YOUR ASSIGNMENT:
All that should come back is the lines of the data below from the one containing "Ford Tourneo Custom*Automatik*Klima*AHK*Navi" to the one containing "Apartamento El Burgos", inclusive, exactly as they stand.

[Web page caption snippets]

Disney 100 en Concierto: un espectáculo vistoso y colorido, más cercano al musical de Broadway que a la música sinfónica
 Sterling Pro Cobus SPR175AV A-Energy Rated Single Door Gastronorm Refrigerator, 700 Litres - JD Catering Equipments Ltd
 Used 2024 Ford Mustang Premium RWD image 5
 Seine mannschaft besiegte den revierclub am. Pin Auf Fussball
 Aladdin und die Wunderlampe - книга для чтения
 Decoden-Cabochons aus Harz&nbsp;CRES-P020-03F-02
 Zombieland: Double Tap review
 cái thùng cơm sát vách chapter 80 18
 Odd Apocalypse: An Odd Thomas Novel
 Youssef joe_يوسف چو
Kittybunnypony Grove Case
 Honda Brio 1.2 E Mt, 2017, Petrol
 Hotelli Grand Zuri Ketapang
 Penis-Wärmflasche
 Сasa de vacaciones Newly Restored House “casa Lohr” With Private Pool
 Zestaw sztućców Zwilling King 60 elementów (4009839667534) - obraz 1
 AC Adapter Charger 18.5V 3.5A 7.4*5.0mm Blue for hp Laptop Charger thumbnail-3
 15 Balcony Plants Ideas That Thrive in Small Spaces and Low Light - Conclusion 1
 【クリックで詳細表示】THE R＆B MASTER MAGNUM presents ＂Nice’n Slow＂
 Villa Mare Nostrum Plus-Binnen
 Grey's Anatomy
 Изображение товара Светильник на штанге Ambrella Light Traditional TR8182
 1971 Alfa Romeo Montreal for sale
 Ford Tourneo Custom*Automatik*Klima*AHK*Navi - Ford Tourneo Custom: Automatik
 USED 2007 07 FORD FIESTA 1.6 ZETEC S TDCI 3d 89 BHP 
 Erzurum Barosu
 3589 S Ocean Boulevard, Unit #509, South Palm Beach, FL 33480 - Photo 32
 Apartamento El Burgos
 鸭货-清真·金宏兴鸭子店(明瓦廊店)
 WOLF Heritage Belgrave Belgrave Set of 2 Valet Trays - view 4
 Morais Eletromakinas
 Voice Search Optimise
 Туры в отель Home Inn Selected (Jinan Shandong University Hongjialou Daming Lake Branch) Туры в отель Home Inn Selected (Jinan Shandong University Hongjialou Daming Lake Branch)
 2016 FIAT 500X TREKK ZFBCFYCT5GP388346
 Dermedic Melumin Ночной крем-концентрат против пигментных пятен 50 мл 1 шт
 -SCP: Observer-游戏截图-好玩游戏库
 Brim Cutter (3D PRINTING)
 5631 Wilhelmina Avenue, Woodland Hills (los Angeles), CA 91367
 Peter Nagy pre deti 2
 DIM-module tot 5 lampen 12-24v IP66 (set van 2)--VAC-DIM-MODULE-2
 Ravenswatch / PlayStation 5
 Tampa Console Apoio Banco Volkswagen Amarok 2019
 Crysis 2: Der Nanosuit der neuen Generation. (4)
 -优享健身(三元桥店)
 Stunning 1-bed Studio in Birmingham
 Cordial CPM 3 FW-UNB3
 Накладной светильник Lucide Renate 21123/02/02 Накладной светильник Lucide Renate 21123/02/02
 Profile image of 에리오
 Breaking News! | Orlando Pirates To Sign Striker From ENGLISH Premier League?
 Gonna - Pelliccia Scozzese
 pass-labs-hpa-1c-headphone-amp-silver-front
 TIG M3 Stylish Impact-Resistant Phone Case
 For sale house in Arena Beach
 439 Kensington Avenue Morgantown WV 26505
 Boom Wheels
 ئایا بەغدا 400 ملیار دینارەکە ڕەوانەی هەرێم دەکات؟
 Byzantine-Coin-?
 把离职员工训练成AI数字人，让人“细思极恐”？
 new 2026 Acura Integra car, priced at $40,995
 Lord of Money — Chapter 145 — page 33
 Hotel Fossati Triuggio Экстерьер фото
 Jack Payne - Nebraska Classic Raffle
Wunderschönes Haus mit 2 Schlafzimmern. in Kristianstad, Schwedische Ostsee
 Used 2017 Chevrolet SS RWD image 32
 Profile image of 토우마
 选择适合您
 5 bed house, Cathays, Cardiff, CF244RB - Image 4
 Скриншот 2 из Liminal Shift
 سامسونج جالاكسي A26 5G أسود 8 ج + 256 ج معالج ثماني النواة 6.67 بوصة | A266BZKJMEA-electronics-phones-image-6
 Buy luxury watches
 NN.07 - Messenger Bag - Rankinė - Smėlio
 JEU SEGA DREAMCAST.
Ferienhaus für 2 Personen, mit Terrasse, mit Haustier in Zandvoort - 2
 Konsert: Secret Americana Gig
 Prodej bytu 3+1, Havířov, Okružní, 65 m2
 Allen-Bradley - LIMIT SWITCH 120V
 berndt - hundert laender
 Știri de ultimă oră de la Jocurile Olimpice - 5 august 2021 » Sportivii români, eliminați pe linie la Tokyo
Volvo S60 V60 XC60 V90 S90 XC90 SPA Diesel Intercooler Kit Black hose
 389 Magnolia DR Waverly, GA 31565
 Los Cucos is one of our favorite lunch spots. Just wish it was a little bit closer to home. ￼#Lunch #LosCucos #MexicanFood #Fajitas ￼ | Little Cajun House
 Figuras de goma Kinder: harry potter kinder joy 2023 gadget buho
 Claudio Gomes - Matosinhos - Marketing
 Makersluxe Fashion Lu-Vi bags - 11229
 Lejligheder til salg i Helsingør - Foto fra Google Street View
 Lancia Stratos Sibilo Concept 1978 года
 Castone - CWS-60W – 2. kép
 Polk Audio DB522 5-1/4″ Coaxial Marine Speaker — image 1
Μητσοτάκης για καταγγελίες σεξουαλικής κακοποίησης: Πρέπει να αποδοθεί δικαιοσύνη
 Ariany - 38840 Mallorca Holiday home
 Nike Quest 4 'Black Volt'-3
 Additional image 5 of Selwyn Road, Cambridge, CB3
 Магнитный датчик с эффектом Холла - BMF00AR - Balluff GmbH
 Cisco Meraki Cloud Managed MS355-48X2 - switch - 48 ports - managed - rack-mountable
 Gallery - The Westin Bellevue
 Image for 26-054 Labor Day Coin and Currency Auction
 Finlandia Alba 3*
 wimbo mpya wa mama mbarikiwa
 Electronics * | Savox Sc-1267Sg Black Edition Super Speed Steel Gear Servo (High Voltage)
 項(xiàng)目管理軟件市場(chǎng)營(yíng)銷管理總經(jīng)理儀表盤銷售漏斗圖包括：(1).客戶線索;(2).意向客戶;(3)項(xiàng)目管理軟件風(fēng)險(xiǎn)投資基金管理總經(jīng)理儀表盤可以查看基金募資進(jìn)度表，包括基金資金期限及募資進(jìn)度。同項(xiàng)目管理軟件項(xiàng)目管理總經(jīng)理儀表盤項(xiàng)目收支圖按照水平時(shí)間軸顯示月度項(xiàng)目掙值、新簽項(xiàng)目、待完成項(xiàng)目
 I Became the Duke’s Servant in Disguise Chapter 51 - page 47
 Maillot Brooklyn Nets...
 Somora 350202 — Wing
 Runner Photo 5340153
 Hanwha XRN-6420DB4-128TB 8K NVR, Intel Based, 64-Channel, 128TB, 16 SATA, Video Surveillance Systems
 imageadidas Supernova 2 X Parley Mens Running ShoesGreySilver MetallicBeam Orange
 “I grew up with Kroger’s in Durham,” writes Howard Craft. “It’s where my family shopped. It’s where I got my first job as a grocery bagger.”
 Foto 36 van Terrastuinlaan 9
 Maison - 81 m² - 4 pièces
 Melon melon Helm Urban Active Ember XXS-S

REPLY:
 Ford Tourneo Custom*Automatik*Klima*AHK*Navi - Ford Tourneo Custom: Automatik
 USED 2007 07 FORD FIESTA 1.6 ZETEC S TDCI 3d 89 BHP 
 Erzurum Barosu
 3589 S Ocean Boulevard, Unit #509, South Palm Beach, FL 33480 - Photo 32
 Apartamento El Burgos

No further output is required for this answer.